The turning point came later. As close as I can pinpoint it, it happened a while after the launch of Facebook. Early Facebook was a private feed of your friends, and it functioned reasonably well.
But at some point, someone turned on the optimizing processes. They measured engagement, and how often people visited, and discovered all sorts of ways to improve those numbers. Facebook learned that rage drives engagement. And from there, the optimizing processes spread. And when the mainstream finished arriving on the internet, they brought a lot of pre-existing optimizing processes with them.
Unaligned optimizing processes turn things to shit, in my experience.
LLMs are still a lot like the early Internet. They have some built-in optimizing processes, most of which were fairly benign until the fall of 2024, with the launch of reasoning models. Now we’re seeing models that lie (o3), cheat (Claude 3.7) and suck up to the user (4o).
And we are still in the early days. In the coming years, these simple optimizing processes will be hooked up to the much greater ones that drive our world: capitalism, politics and national security. And once the titans of industry start demanding far more agentic models that are better at pursuing goals, and the national security state wants the same, then there will be enormous pressures driving us off the edge of the cliff.
Yeah, I fully expect that current level LMs will by default make the situation both better and worse. I also think that we’re still a very long way from fully utilising the things that the internet has unlocked.

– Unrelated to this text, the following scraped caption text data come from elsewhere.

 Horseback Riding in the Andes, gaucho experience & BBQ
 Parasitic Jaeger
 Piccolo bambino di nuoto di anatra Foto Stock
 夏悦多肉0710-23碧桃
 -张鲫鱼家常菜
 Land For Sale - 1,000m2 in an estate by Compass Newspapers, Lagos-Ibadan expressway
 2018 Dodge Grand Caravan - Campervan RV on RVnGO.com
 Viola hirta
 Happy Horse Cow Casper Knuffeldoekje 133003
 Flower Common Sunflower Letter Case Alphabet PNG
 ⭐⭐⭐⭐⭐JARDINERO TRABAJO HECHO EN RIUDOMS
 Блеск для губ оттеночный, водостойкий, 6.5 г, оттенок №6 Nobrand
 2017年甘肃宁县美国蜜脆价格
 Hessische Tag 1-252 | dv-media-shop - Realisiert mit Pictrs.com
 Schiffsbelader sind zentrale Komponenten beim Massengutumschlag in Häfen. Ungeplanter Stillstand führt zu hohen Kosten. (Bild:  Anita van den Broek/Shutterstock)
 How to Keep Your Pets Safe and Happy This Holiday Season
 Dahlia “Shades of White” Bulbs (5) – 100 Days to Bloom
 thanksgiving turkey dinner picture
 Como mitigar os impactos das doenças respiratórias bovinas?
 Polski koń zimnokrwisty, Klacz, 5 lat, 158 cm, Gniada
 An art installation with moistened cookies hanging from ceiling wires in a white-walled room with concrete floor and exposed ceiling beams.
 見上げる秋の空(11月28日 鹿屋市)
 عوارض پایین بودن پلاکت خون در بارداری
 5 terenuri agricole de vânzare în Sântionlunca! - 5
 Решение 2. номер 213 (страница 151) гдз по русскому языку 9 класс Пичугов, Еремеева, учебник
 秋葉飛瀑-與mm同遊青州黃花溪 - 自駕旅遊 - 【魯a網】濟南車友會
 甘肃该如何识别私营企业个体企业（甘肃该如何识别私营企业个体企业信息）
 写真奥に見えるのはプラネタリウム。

My holistic take is that this approach would be very hard, but not obviously harder than aligning powerful AIs and likely complementary. I also think it’s likely we might need to do some of this ~societal uplift anyway so that we do a decent job if and when we do have transformative AI systems.
Some possible advantages over the internet case are:
People might be more motivated towards by the presence of very salient and pressing coordination problems
For example, I think the average head of a social media company is maybe fine with making something that’s overall bad for the world, but the average head of a frontier lab is somewhat worried about causing extinction
Currently the power over AI is really concentrated and therefore possibly easier to steer
A lot of what matters is specifically making powerful decision makers more informed and able to coordinate, which is slightly easier to get a handle on
As for the specific case of aligned super-coordinator AIs, I’m pretty into that, and I guess I have a hunch that there might be a bunch of available work to do in advance to lay the ground for that kind of application, like road-testing weaker versions to smooth the way for adoption and exploring form factors that get the most juice out of the things LMs are comparatively good at. I would guess that there are components of coordination where LMs are already superhuman, or could be with the right elicitation.